Activity:
Reproduce precisely the lines of the listing below, starting with the line that contains "SPA Banyo Havlusu 70x140 cm Bordo" and stopping after the line that contains "3 step infographic"; include nothing else.

Record excerpts:
● ● ● ● ● ● ●
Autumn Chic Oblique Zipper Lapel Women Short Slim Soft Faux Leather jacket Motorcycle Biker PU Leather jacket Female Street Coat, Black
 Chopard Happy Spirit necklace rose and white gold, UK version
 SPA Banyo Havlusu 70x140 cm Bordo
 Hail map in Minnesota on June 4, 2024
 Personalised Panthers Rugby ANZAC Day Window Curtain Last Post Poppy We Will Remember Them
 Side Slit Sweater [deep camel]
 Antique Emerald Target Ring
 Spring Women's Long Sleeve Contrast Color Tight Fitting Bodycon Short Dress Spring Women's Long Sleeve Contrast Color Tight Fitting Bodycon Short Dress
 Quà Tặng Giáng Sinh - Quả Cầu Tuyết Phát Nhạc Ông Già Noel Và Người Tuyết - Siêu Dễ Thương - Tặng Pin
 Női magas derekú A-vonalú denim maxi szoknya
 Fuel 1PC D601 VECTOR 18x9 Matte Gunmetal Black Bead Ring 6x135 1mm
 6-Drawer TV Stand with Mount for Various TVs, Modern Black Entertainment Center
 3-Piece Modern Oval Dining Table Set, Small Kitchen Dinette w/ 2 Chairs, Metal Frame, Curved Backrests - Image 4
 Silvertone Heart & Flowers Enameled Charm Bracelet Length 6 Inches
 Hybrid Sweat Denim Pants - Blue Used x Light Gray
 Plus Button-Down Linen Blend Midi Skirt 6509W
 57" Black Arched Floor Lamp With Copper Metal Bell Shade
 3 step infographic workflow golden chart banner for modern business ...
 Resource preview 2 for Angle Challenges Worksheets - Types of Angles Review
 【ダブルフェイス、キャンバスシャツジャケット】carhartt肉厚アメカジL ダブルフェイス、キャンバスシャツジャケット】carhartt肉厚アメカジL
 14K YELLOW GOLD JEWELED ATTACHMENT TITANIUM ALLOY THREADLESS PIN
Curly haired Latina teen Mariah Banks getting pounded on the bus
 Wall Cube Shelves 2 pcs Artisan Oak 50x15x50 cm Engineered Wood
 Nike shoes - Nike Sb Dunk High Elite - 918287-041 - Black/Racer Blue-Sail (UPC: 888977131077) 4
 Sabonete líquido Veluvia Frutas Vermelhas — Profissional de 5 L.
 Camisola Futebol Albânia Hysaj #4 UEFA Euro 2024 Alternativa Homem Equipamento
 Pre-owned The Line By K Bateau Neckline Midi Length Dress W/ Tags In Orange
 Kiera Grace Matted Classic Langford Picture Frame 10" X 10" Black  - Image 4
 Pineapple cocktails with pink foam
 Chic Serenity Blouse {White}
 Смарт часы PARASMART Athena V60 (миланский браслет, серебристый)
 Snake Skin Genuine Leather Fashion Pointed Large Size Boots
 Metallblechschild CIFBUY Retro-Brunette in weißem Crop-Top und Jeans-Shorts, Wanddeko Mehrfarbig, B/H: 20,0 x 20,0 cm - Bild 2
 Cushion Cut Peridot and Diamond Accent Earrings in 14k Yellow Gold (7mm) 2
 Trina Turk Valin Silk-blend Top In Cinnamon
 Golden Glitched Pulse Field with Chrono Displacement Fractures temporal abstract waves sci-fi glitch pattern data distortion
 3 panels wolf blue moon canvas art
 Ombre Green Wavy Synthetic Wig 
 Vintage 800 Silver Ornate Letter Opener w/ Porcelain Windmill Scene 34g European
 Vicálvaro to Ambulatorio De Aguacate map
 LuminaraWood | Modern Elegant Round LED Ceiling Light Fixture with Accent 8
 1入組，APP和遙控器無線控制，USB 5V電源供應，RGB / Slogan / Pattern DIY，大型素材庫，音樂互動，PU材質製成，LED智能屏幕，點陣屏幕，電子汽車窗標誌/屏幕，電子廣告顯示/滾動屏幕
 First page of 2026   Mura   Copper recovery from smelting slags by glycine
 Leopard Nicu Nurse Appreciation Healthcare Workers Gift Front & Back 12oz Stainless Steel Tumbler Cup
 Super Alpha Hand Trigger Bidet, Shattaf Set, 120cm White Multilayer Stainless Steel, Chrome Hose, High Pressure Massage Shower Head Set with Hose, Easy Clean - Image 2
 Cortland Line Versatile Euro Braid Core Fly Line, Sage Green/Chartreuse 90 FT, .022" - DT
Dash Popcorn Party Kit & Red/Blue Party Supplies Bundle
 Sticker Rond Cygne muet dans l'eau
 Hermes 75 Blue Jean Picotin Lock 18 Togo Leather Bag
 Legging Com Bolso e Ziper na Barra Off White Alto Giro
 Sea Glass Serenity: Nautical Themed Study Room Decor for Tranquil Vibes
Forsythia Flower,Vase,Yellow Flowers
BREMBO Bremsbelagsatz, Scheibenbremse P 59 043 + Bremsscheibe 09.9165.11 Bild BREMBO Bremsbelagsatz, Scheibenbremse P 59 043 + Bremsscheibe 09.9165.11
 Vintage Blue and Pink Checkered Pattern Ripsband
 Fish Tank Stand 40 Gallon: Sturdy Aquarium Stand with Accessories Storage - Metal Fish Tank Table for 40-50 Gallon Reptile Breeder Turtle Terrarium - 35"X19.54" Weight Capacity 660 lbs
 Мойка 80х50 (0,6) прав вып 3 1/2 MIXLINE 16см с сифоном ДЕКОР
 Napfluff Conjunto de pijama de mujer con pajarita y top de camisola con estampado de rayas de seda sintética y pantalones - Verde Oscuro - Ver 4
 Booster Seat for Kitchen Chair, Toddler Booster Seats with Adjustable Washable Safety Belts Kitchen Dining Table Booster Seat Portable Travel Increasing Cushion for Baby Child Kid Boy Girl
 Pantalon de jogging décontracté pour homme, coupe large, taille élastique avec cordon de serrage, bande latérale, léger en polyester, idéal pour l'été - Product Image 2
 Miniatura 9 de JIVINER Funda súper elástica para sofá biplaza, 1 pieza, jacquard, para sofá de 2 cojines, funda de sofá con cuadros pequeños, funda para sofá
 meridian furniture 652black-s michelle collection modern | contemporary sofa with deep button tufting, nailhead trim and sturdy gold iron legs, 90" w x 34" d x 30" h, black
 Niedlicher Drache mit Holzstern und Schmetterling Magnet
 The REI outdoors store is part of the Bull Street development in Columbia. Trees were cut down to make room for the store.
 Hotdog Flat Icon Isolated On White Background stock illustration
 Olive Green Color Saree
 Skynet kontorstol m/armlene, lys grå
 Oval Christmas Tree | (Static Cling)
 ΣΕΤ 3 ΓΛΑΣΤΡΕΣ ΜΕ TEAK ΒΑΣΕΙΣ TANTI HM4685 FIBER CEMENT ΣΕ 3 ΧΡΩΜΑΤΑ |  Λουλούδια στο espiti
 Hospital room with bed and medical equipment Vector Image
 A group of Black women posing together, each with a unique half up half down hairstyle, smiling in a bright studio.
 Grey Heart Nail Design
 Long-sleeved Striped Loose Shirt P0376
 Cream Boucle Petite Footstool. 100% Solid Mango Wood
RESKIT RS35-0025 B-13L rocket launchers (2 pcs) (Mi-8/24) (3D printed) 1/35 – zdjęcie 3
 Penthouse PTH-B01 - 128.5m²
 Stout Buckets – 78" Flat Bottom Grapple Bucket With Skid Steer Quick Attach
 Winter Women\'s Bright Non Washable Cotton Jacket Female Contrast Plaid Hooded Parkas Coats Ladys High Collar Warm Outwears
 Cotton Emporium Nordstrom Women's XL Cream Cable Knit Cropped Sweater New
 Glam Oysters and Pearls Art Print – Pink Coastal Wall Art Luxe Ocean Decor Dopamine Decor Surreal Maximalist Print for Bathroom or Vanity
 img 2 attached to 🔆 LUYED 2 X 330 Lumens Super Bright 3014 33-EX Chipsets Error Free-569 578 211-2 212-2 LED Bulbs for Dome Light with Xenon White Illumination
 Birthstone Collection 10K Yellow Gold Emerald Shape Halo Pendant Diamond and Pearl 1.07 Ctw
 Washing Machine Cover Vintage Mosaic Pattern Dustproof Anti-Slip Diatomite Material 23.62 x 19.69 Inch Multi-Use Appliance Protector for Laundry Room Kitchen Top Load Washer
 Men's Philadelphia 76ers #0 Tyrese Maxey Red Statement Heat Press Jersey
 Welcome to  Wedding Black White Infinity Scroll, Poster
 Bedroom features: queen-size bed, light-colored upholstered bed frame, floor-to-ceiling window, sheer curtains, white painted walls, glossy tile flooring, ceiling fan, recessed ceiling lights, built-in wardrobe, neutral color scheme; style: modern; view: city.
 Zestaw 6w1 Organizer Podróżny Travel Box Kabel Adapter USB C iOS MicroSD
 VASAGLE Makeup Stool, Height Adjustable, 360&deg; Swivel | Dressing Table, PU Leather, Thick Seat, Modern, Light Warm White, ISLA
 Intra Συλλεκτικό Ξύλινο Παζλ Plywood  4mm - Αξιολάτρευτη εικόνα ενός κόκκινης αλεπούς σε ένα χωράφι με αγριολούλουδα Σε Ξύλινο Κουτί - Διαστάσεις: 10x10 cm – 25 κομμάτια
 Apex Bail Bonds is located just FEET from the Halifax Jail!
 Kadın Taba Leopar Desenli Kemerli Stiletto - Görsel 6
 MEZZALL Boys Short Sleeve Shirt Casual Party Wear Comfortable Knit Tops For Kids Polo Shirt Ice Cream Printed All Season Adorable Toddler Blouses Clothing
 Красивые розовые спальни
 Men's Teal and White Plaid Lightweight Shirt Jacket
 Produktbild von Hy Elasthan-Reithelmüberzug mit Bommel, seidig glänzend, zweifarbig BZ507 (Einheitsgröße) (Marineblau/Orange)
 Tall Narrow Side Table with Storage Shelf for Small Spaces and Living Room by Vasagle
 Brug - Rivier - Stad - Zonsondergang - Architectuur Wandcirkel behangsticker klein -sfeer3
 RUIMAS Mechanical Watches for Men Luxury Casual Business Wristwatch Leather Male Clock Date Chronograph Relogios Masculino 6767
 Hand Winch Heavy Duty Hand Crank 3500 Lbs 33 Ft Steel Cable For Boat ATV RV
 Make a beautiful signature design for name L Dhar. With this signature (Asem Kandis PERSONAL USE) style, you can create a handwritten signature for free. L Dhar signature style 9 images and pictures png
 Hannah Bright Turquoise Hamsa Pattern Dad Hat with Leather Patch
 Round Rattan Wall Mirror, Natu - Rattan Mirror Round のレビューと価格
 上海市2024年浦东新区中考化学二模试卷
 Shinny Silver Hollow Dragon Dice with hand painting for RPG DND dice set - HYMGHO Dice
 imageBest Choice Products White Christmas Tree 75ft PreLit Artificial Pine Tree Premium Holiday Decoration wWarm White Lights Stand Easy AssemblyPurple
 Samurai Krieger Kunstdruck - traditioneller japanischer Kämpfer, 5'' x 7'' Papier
● ● ● ● ● ● ●
Answer box:
 SPA Banyo Havlusu 70x140 cm Bordo
 Hail map in Minnesota on June 4, 2024
 Personalised Panthers Rugby ANZAC Day Window Curtain Last Post Poppy We Will Remember Them
 Side Slit Sweater [deep camel]
 Antique Emerald Target Ring
 Spring Women's Long Sleeve Contrast Color Tight Fitting Bodycon Short Dress Spring Women's Long Sleeve Contrast Color Tight Fitting Bodycon Short Dress
 Quà Tặng Giáng Sinh - Quả Cầu Tuyết Phát Nhạc Ông Già Noel Và Người Tuyết - Siêu Dễ Thương - Tặng Pin
 Női magas derekú A-vonalú denim maxi szoknya
 Fuel 1PC D601 VECTOR 18x9 Matte Gunmetal Black Bead Ring 6x135 1mm
 6-Drawer TV Stand with Mount for Various TVs, Modern Black Entertainment Center
 3-Piece Modern Oval Dining Table Set, Small Kitchen Dinette w/ 2 Chairs, Metal Frame, Curved Backrests - Image 4
 Silvertone Heart & Flowers Enameled Charm Bracelet Length 6 Inches
 Hybrid Sweat Denim Pants - Blue Used x Light Gray
 Plus Button-Down Linen Blend Midi Skirt 6509W
 57" Black Arched Floor Lamp With Copper Metal Bell Shade
 3 step infographic workflow golden chart banner for modern business ...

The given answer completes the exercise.